A JUPITER ORBIT--LUNAR ORBIT RESONANCE MODEL WHICH MAY RELATE TO NEOPROTEROZOIC EVENTS ON EARTH AND MOON

The Neoproterozoic appears to be a critical time in the history of the planet. There are two major horizons of glacial deposits in the more complete sequences and each of the glacial sequences is capped by a significant thickness of laminated carbonates. These features have been interpreted by many investigators as recording alternating "icehouse" and "greenhouse" episodes in a low paleolatitude setting. Many of the glacial-carbonate sequences are several hundred meters thick and are thought to be rift basin fills. Another noteworthy feature of Neoproterozoic sequences is the association of tidally influenced sediments including significant thichnesses of tidal rhythmites.

The Neoproterozoic also appears to be a critical time in the history of the lunar orbit. Ross and Schubert (1989, JGR, 94, p.9553) did extensive calculations on a "standard" model for the evolution of a mainly circular orbit in the equatorial zone of the planet.

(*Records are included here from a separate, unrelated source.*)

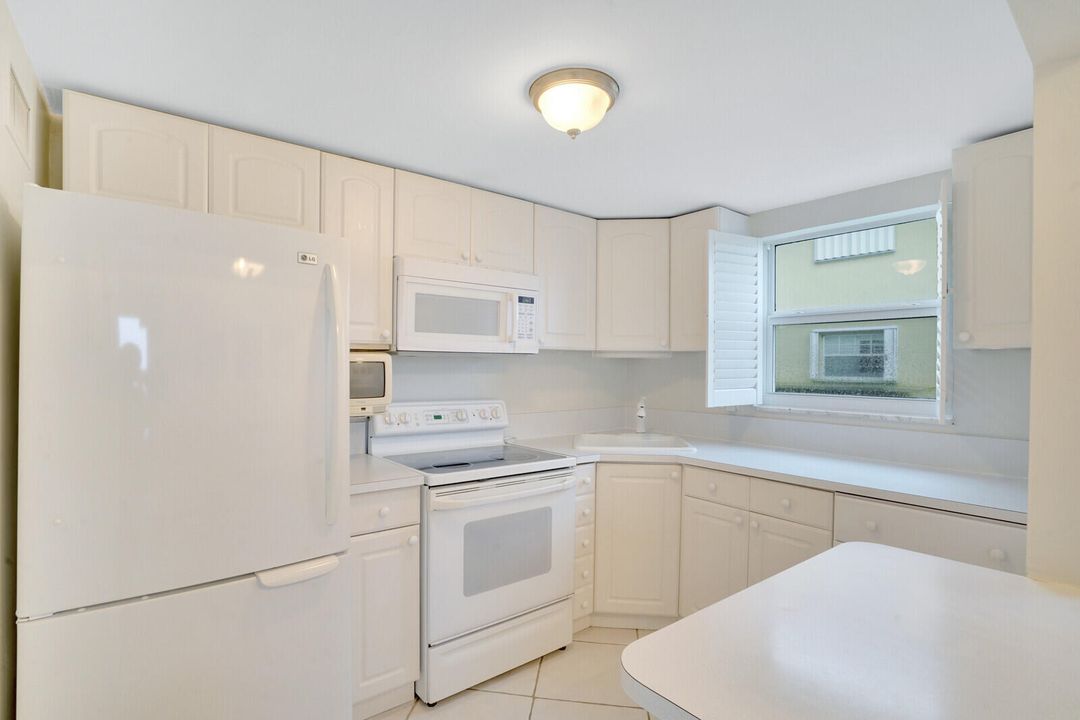 For Rent: $2,100 (2 beds, 2 baths, 978 Square Feet)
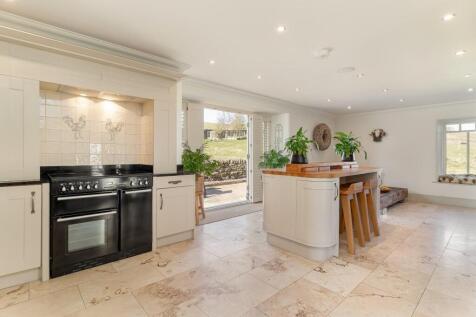 Breakfast Kitchen - A.jpg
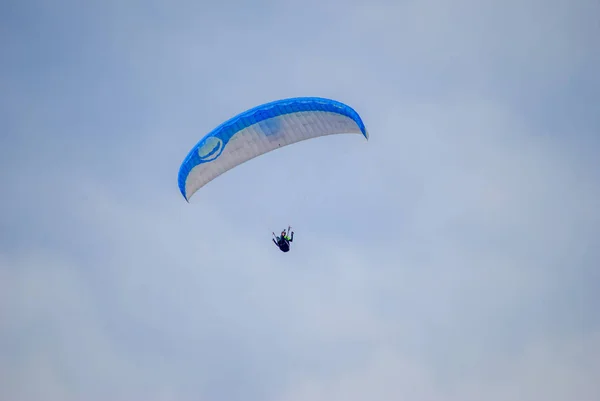 Lasko Slovénie 2017 Course Caritative Atterrissage Parapente Arrivée — Photo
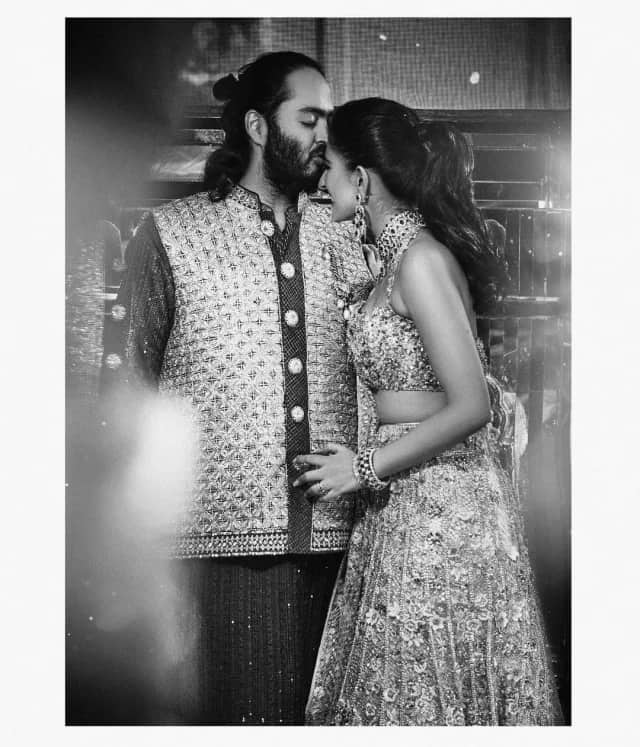 ‘বিগ ফ্যাট’ ভারতীয় বিয়ে, খরচ কত হলে খুব বেশি বলা যায়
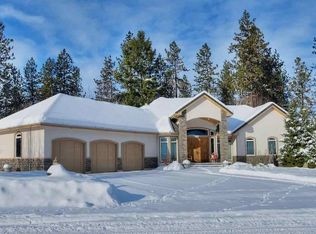 12113 N Riverwood Dr, Spokane, WA 99218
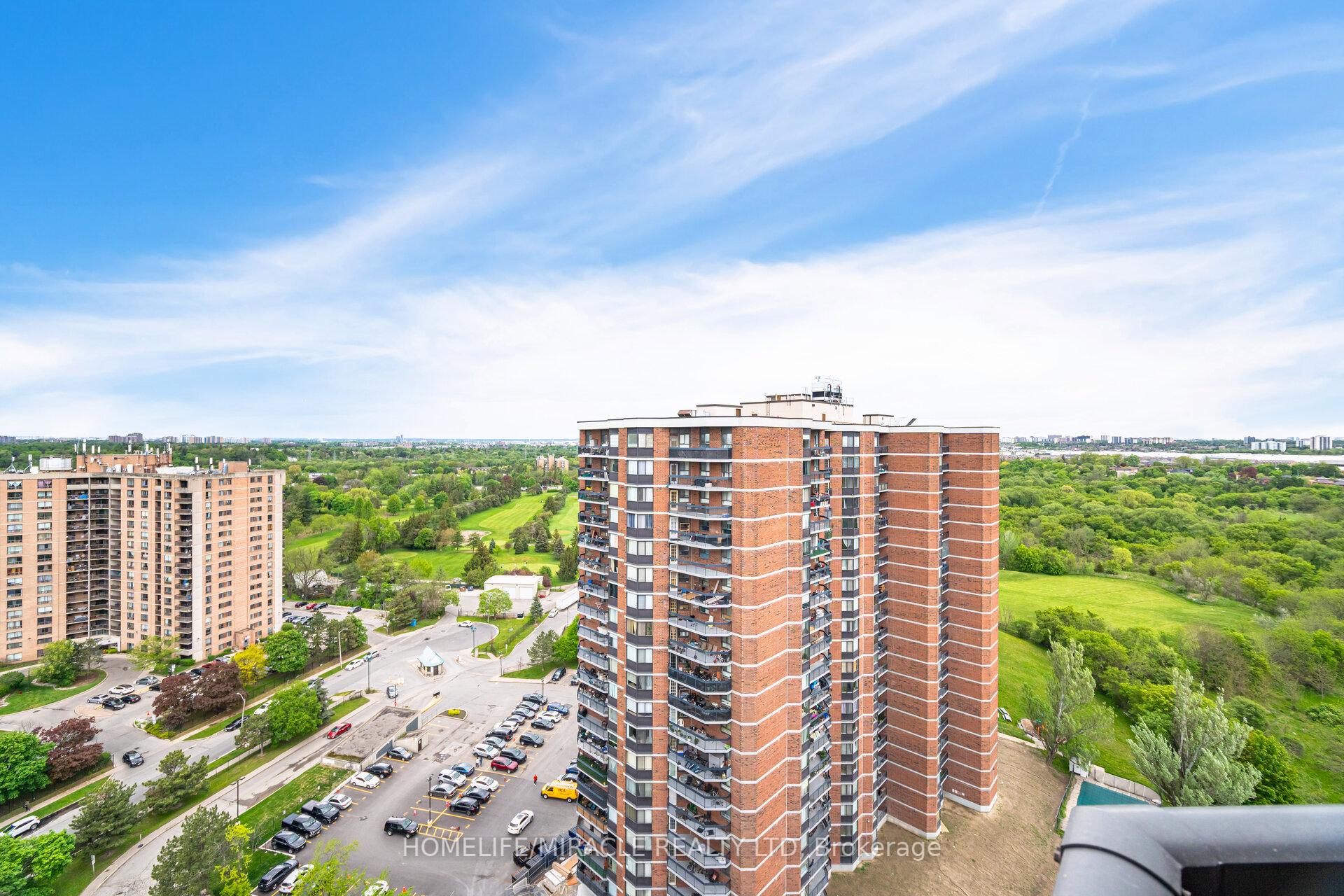 3 Bedrooms Condo at 234 Albion, Toronto For sale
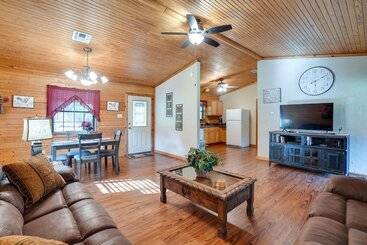Kilgore Gem: Pet Friendly Cabin W/ Duck Pond!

They found that under normal conditions of rock and ocean tidal energy dissipation, the lunar orbit at 1.0 to 0.6 Ga ago was at about 51 earth radii and that it expanded to about 52 earth radii when the calculation was extended to the present time. They suggested that something happened between 1.0 and 0.6 Ga ago to cause significantly higher energy dissipation rates in the oceans.

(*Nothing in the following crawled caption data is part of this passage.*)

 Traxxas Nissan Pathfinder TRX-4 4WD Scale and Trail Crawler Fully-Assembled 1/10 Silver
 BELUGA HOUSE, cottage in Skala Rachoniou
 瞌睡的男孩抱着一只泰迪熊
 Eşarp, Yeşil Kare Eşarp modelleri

Peale and Cassen (1978, Icarus, 36, p.245) identified an orbital resonance state between jupiter's orbit and the lunar orbit when the lunar orbit is at 53.4 earth radii. They state that if the resonance is stable, then there could be "profound" effects on both the earth and moon. We have done some 4-body (sun, earth, moon, jupiter) numerical simulations (4th-order Runge-Kutta integration procedure) on the effects of this resonance. In the short (100-year) runs that we have done on both circular and elliptical lunar orbits with semimajor axes between 50.0 and 53.4 earth radii, we have found a notable increase in orbital eccentricity.

In general, a geologically short-lived forced-eccentricity episode could explain the abundance of tidally influenced sediments of that time. Enhanced solid rock tides on earth could have an influence on the development of continental rift zones and enhanced lunar rock tides could cause lunar heating leading to minor lunar magmatism.